2008-02-29 00:10:50 | 5296
コブクロの新譜「5296」から。自分なりの感想を、書いてみたいと思います。

今日の曲は、第1曲目の「蒼く 優しく」。


「蒼く 優しく」は、最初シングルで出た時から、大好きな曲だ。ものすごく苦しみ抜いて産まれたらしい経緯は、リリース当初、小渕氏が少しだけ匂わせるようなことを言っていた。曰く「曲が書けなくなっちゃったかな?」と少し不安に思うぐらい、難産だったらしい。

だが、そのできばえときたら、いつものコブクロらしく完全無欠で、帳尻合わせの苦しい部分等一つもなく、全てのピースが「そうでなくてはならない」ような完璧さで組み合わせられているように聴こえる。難産だった、ということを感じることができる要素があるとしたら、むしろ、この曲が持つ、鬼気迫るまでの迫力の中に、かもしれない。この曲は、切実だ。コブクロらしい率直な曲だが、その中に、崖っぷちを覗き込むような恐ろしい感覚をも内包している。ように思える。

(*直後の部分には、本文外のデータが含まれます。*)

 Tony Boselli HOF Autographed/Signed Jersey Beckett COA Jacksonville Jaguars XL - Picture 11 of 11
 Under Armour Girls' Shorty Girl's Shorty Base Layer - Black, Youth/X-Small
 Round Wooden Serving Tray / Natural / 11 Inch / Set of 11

この曲を聴くと、心が揺さぶられる。それは、「励まされる」とか「元気が出る」という要素も含むが、ちょっと説明のつかない複雑なココロのさざ波、というんだろうか、そういう不可思議な心地よさと振動をともなっている。

この曲は長調なんだけど、聴いてると泣ける。飲んでたら、もう「舟歌」と同じぐらい切なく響く。もちろん、コブクロの作る曲は絶対に演歌じゃないのだが、演歌が昔持っていた、生活の中で全ての人々に語りかける存在感、その強力な吸引力を、なぜだか「蒼く 優しく」にも感じることができるのだ。

たとえば。
駅ビルの居酒屋で、新幹線待って焼き肉つまみながら、夕刻にサラリーマンがたむろってる。午後10時とは違う明るさ。でも、明るいからこそ、仕事の抜けない、ちょっとやるせない表情。表面的な社交辞令と、ちょっとしたため息と、束の間の休息が生み出す幸福感と、、、そんな、茫漠とした風情の男達の頭上に、有線で流れた「蒼く 優しく」。

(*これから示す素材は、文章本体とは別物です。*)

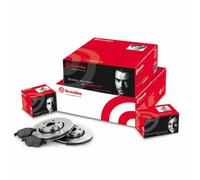 Kit de discos y patines de freno delanteros y traseros de freno para Alfa Mit...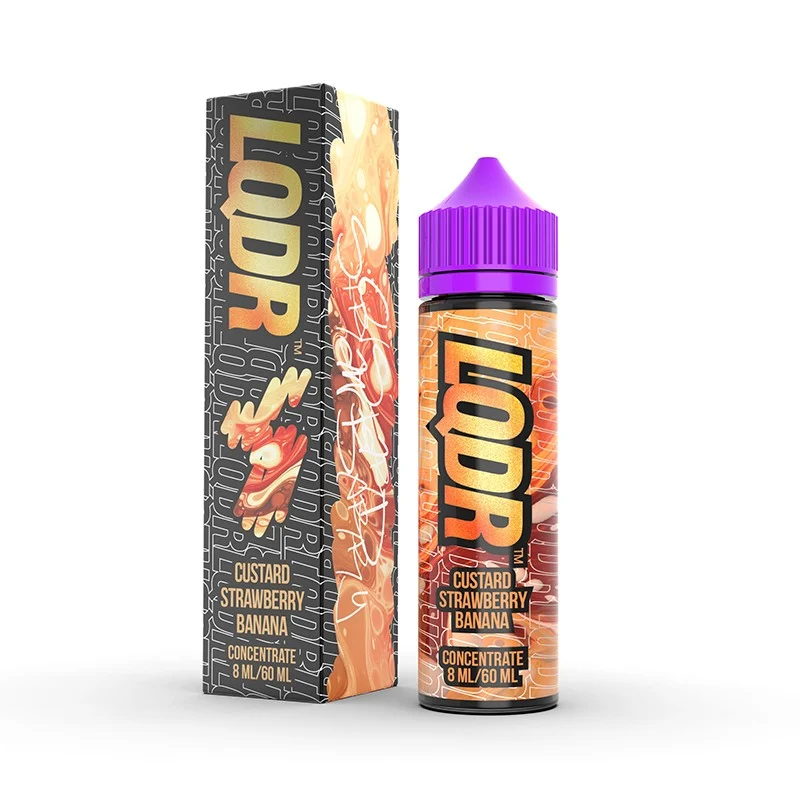 Koncentrat LQDR Custard Strawberry Banana 8/60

決して静かとは言いがたい居酒屋の中、とぎれとぎれに、でもゆるがない確かさで届く、2人の声。ギターのうなり。ベースとドラムのリズム。力強いストリングス。繊細なピアノ。そこにいる皆の頭をなでていくように、くたびれた背中にそっと舞い降りるかのように、歌が、店の中に浸透する。知らぬ間に、誰かが耳を澄ませている。いつか、誰かが同僚に話しかける言葉に、熱がこもる。

外国人の調理人が、言葉を確かめながら、ポツリと話す。カウンター席で、彼の焼く肉に中年の親父が舌鼓をうって、賛辞の言葉をかける。余計なものをたくさん抱えた孤独な人間同士が、今だけ「身一つ」になったかのようにぬくもりを求めあう。喧噪の中で、時がふと立ち止まったかのような一瞬。

コブクロの歌は、そんな場面にとてもよく似合った。あの瞬間は奇跡のようだった。「蒼く 優しく」は、普通の人間達にこんなにも寄り添うのだ、と思った。

同じく。深夜の残業帰りに、車の中で流れる「蒼く 優しく」。駅の雑踏で、流れる人波の背中を見ながらi-pod越しに聴いている「蒼く 優しく」。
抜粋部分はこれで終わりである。